Just like at the Heritage, he hit fairways and greens all day, knocked in a few putts, gave no glimmer of nerves, no sign of strain, just a simple butt whipping from the start of the fourth round thru the end.  In fact, after he hit his approach shot on the 18th hole, before the ball landed on the green a mere 7 feet from the hole, his caddie asked "why’d you hit it there?" since they’d agreed on middle of the green.  Oops, was that another dagger I just stuck in their hearts.  Sorry man, my bad. 

 

Bryce Molder and David Toms tied for second, a distant five shots behind.  “It was a pretty good golf tournament except for one guy stealing the show,” said Toms, the tournament winner in 2003 and 2004.  Another way of saying, no one else had a chance.  “I didn’t even get close to catching him,” said Molder, who had his best finish on tour.  Not a surprise because I don’t think this guy can do anything except run away from the pack and hide during the final round. 

 

Mr. Gay’s win at the Heritage got him a Tartan jacket and an invitation to the 2010 Masters.  This win got him a gray jacket and an invitation to this weeks US Open.  So he’s gone from having a week off to scrambling.  “Right now I don’t know if we’re going home first or what we’re going to do, whether we spend tomorrow traveling, going home and repacking,” Gay said. “Get to work on Tuesday I guess.”  Not a bad situation to be in at all.  Bethpage is a place Mr. Gay missed the cut the last time the US Open was played there, he’s not what you’d call any kind of long off the tee.  In fact he finished last at 265 yds for the week in Memphis.  He’s straight, which is always good at the US Open, and he can surely putt, another US Open plus.  But will his juice survice the travel to New York?  Time alone will tell.

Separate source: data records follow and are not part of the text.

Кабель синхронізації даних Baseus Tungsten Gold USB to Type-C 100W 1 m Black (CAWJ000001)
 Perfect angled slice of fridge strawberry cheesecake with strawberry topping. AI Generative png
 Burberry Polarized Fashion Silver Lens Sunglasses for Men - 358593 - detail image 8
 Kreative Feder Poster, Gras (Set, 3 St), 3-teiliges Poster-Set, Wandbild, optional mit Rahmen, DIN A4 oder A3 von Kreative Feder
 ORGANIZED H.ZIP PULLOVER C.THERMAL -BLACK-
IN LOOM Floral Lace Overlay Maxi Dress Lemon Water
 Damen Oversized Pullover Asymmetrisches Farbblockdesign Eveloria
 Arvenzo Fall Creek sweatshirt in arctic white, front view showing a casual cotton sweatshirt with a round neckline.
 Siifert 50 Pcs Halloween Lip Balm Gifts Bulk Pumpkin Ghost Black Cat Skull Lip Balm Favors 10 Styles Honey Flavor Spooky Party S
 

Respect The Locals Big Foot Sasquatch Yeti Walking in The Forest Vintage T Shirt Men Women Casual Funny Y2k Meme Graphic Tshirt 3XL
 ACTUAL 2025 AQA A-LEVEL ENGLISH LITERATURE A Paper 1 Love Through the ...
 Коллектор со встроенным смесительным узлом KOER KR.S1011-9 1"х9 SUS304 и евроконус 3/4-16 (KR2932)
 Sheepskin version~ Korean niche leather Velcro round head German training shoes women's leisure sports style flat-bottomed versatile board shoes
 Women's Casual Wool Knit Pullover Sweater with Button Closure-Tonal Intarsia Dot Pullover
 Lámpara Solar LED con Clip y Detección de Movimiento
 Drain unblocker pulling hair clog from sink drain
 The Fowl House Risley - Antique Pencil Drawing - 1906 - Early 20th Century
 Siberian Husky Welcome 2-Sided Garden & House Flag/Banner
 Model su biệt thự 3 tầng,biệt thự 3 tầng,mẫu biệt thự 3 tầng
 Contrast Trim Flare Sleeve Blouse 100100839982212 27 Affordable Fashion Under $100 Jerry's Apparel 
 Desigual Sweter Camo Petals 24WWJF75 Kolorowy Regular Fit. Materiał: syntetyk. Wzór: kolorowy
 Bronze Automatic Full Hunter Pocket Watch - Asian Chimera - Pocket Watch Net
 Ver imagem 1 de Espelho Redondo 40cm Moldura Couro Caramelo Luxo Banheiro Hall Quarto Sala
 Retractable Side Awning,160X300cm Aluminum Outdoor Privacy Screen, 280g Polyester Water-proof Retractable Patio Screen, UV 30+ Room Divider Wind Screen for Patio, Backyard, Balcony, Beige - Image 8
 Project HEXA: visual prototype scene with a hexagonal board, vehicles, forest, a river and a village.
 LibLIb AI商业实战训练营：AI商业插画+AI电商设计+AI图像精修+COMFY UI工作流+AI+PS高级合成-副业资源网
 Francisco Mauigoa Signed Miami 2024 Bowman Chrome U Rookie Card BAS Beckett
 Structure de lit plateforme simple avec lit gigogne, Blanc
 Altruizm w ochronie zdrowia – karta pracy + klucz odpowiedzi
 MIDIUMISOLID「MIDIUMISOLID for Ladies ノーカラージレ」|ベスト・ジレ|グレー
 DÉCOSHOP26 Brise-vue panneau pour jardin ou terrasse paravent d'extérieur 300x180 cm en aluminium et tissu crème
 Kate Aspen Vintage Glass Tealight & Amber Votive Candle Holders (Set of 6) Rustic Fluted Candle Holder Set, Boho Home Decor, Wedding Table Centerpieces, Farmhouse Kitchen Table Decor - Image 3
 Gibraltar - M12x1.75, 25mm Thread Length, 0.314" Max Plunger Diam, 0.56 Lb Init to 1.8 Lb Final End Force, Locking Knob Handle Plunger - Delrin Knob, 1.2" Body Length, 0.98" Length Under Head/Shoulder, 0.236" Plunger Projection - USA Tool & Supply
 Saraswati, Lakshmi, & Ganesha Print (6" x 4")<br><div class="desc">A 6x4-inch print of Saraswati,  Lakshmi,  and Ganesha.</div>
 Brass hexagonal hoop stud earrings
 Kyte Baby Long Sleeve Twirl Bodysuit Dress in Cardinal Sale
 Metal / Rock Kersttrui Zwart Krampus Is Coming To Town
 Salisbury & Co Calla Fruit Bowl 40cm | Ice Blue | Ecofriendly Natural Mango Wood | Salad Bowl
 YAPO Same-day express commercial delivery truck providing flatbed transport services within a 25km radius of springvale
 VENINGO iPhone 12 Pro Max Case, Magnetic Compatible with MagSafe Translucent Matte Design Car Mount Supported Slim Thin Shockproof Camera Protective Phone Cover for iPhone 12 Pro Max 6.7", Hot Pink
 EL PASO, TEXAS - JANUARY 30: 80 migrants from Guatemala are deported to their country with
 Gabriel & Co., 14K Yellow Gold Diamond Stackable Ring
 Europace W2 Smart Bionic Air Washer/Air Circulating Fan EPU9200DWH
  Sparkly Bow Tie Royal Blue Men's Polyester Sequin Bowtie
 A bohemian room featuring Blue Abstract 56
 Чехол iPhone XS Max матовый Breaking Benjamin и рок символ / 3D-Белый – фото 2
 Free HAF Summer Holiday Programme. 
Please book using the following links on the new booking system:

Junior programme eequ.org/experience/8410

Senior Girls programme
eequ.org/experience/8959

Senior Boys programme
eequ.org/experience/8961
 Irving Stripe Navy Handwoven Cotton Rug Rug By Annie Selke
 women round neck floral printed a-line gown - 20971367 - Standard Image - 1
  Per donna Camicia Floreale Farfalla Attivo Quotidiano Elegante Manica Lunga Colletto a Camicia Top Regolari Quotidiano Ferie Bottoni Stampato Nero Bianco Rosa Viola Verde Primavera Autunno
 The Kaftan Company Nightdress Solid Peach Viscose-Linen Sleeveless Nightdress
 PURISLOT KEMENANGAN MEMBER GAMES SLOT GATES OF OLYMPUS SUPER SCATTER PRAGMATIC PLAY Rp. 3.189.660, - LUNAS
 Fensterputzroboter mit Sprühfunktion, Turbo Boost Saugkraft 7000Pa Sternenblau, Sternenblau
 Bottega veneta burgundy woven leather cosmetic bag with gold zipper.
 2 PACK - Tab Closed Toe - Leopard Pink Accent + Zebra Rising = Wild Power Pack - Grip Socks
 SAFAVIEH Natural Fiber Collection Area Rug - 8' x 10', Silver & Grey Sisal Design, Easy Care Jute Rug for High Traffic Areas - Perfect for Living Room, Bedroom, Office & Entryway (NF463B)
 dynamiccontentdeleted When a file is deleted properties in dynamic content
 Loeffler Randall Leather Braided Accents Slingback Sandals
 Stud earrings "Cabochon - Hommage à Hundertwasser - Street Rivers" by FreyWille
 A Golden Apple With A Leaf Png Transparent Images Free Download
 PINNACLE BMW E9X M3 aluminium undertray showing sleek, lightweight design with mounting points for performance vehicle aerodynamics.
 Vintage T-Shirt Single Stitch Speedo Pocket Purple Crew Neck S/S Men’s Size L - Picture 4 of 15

Congratulations on a second win.  I figured the first was a fluke, but this victory kicks sand in the face of that idea.  This is the real deal,  but someone please tell me where he found the light switch, eh.

Nice recovery by the folks at St. Judes’s who recovered nicely from the legal issues surrounding the past sponser of this event, Stanford Financial who’s namesake is under investigation for fraud by the federal government.  FexEx and Cellular South stepped in to save the event this year, but as for the future, that is like so many other things this last year, up in the air.  Way up in the air.  This is one of the great charity causes the PGA Tour raises money for during the year and it would be a shame to see it vanish in a haze of Grand Jury investigations, and SEC charges.  I shall hope for the best and maybe we’ll be back here next year.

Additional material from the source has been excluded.